■ DIRECTIONS
Return the entries below precisely, omitting nothing.

■ RAW DATA
┄┄┄┄┄┄┄┄┄┄┄┄┄┄┄┄┄┄┄┄

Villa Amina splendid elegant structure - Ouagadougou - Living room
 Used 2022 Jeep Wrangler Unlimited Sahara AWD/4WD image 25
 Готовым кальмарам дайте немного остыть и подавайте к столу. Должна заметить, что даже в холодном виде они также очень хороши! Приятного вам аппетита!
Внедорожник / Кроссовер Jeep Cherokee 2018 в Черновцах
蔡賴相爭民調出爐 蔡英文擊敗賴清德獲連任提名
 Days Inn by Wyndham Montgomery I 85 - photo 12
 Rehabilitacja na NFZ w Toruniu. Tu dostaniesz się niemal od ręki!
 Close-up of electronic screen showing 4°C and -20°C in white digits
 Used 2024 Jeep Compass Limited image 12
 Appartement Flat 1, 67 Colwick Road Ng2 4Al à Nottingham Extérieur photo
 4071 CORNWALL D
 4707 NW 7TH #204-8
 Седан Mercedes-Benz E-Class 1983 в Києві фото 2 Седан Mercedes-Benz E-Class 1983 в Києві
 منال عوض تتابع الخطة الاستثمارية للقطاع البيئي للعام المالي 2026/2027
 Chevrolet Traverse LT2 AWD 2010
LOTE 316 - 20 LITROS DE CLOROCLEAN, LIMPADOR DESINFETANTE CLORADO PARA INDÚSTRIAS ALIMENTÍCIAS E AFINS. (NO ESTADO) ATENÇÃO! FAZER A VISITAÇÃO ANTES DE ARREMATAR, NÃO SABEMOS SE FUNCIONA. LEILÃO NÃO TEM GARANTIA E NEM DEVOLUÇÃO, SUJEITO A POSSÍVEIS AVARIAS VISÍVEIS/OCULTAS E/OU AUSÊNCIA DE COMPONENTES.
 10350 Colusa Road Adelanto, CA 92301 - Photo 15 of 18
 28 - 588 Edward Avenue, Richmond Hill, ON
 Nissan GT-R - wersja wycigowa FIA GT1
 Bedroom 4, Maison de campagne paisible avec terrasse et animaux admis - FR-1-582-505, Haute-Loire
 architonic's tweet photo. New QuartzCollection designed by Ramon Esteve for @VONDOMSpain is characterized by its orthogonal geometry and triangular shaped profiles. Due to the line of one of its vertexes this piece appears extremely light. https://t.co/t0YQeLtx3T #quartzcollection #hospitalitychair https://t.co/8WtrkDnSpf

┄┄┄┄┄┄┄┄┄┄┄┄┄┄┄┄┄┄┄┄

■ SOLUTION FOR THIS EXERCISE
Villa Amina splendid elegant structure - Ouagadougou - Living room
 Used 2022 Jeep Wrangler Unlimited Sahara AWD/4WD image 25
 Готовым кальмарам дайте немного остыть и подавайте к столу. Должна заметить, что даже в холодном виде они также очень хороши! Приятного вам аппетита!
Внедорожник / Кроссовер Jeep Cherokee 2018 в Черновцах
蔡賴相爭民調出爐 蔡英文擊敗賴清德獲連任提名
 Days Inn by Wyndham Montgomery I 85 - photo 12
 Rehabilitacja na NFZ w Toruniu. Tu dostaniesz się niemal od ręki!
 Close-up of electronic screen showing 4°C and -20°C in white digits
 Used 2024 Jeep Compass Limited image 12
 Appartement Flat 1, 67 Colwick Road Ng2 4Al à Nottingham Extérieur photo
 4071 CORNWALL D
 4707 NW 7TH #204-8
 Седан Mercedes-Benz E-Class 1983 в Києві фото 2 Седан Mercedes-Benz E-Class 1983 в Києві
 منال عوض تتابع الخطة الاستثمارية للقطاع البيئي للعام المالي 2026/2027
 Chevrolet Traverse LT2 AWD 2010
LOTE 316 - 20 LITROS DE CLOROCLEAN, LIMPADOR DESINFETANTE CLORADO PARA INDÚSTRIAS ALIMENTÍCIAS E AFINS. (NO ESTADO) ATENÇÃO! FAZER A VISITAÇÃO ANTES DE ARREMATAR, NÃO SABEMOS SE FUNCIONA. LEILÃO NÃO TEM GARANTIA E NEM DEVOLUÇÃO, SUJEITO A POSSÍVEIS AVARIAS VISÍVEIS/OCULTAS E/OU AUSÊNCIA DE COMPONENTES.
 10350 Colusa Road Adelanto, CA 92301 - Photo 15 of 18
 28 - 588 Edward Avenue, Richmond Hill, ON
 Nissan GT-R - wersja wycigowa FIA GT1
 Bedroom 4, Maison de campagne paisible avec terrasse et animaux admis - FR-1-582-505, Haute-Loire
 architonic's tweet photo. New QuartzCollection designed by Ramon Esteve for @VONDOMSpain is characterized by its orthogonal geometry and triangular shaped profiles. Due to the line of one of its vertexes this piece appears extremely light. https://t.co/t0YQeLtx3T #quartzcollection #hospitalitychair https://t.co/8WtrkDnSpf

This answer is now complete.